Abstract
Androgens, especially testosterone produced in Leydig cells, play an essential role in development of the male reproductive phenotype and fertility. However, testicular oxidative stress may cause a decline in testosterone production. Many antioxidants have been used as reactive oxygen species (ROS) scavengers to eliminate oxidative stress to protect steroidogenesis. Astaxanthin (AST), a natural extract from algae and plants ubiquitous in the marine environment, has been shown to have antioxidant activity in many previous studies. In this study, we treated primary mouse Leydig cells or MA-10 cells with hydrogen peroxide (H2O2) to cause oxidative stress. Testosterone and progesterone production was suppressed and the expression of the mature (30 kDa) form of StAR protein was down-regulated in MA-10 cells by H2O2 and cAMP co-treatment. However, progesterone production and expression of mature StAR protein were restored in MA-10 cells by a one-hour pretreatment with AST. AST also reduced ROS levels in cells so that they were lower than the levels in untreated controls. These results provide additional evidence of the potential health benefits of AST as a potential food additive to ease oxidative stress.
Highlights
Androgen plays an essential role in the development of the male reproductive phenotype and fertility.More than 95% of circulating androgens are derived from the testis while the remainder is primarily produced by the adrenals
To clarify the potential effects of AST, after pre-treatment with 10 μg/mL AST for 1 h, MA-10 cells were treated with 100 μM 8-Br-cAMP, 1 μg/mL 22R-OHC, or 1 μg/mL pregnenolone to stimulate progesterone production and co-treated with 100 μM H2O2 for an additional 3 h to establish an oxidative stress while the cells were still being exposed to AST they were co-treated with 100 μM H2O2 for an additional 3 h to establish an oxidative stress
We found that even progesterone production supported by exogenous steroidogenic substrates including 22R-OHC and pregnenolone was suppressed under the oxidative
Summary
Androgen plays an essential role in the development of the male reproductive phenotype and fertility.More than 95% of circulating androgens are derived from the testis while the remainder is primarily produced by the adrenals.

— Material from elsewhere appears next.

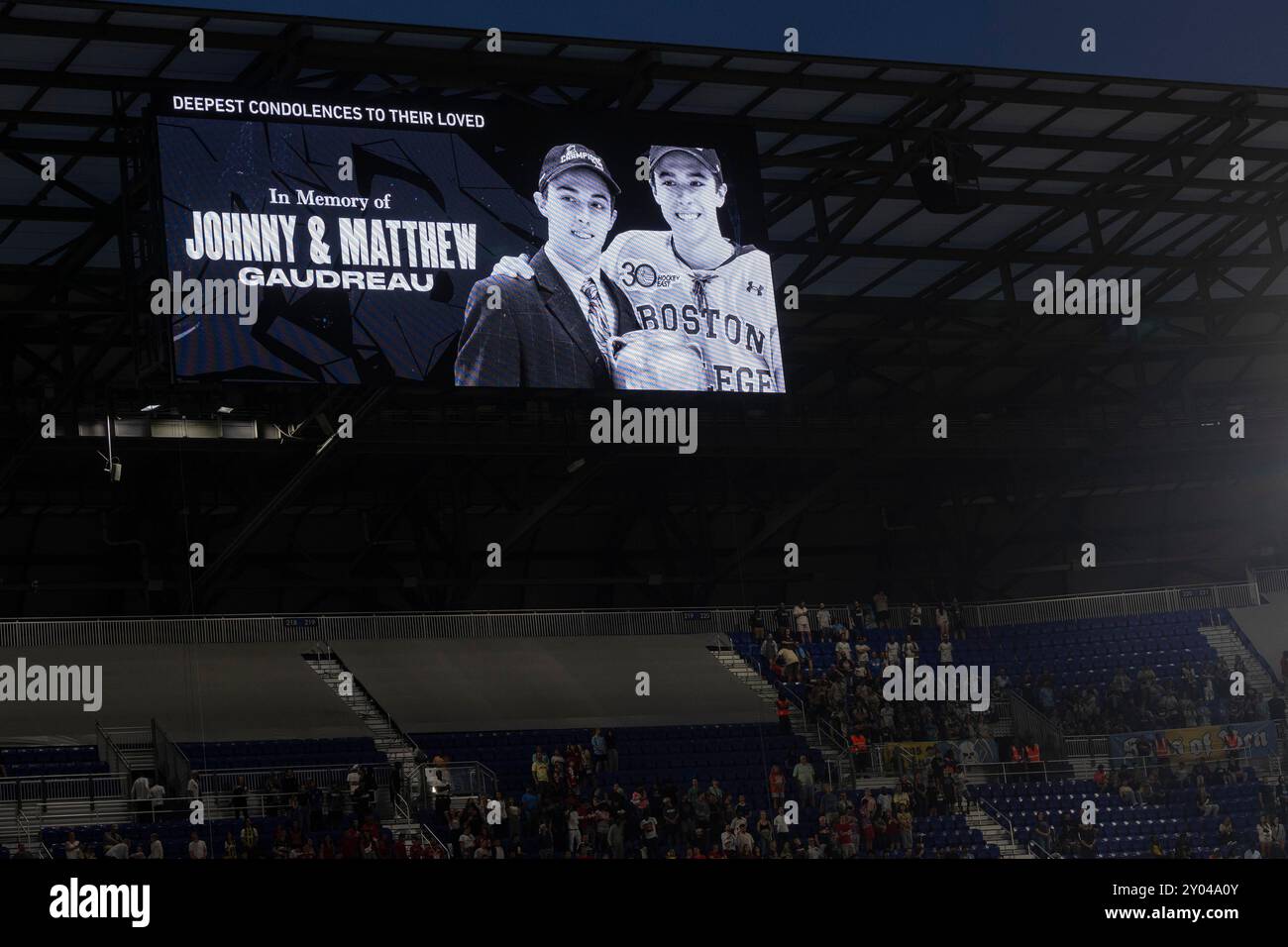 Bronx, New York, Stati Uniti. 31 agosto 2024. Momento di silenzio per Johnny e Matthew Gaudreau morti in un incidente stradale prima del match di stagione regolare della MLS tra Red Bulls e Philadelphia Union alla Red Bull Arena di Harrison, NJ, il 31 agosto 2024. Philadelphia ha vinto 2-0 (Credit Image: © Lev Radin/ZUMA Press Wire) SOLO PER USO EDITORIALE! Non per USO commerciale! Foto Stock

Androgen plays an essential role in the development of the male reproductive phenotype and fertility. Through its G protein coupled receptor, LH activates adenylyl cyclase by stimulating G protein and inducing production of the intracellular second messenger cAMP, followed by activation of the PKA pathway and promotion of the expression of key steroidogenic genes. These genes include steroidogenic acute regulatory protein (StAR), which transports cholesterol into mitochondria, and Cyp11a1, which cleaves the side chain of cholesterol and catalyzes its conversion into pregnenolone (P5). Disturbance of testosterone synthesis or its functions may cause incomplete masculinization before puberty and many reproductive disorders, including poor sperm production, poor sperm quality, azoospermia, cryptorchidism, hypospadias, and even testicular cancer [2]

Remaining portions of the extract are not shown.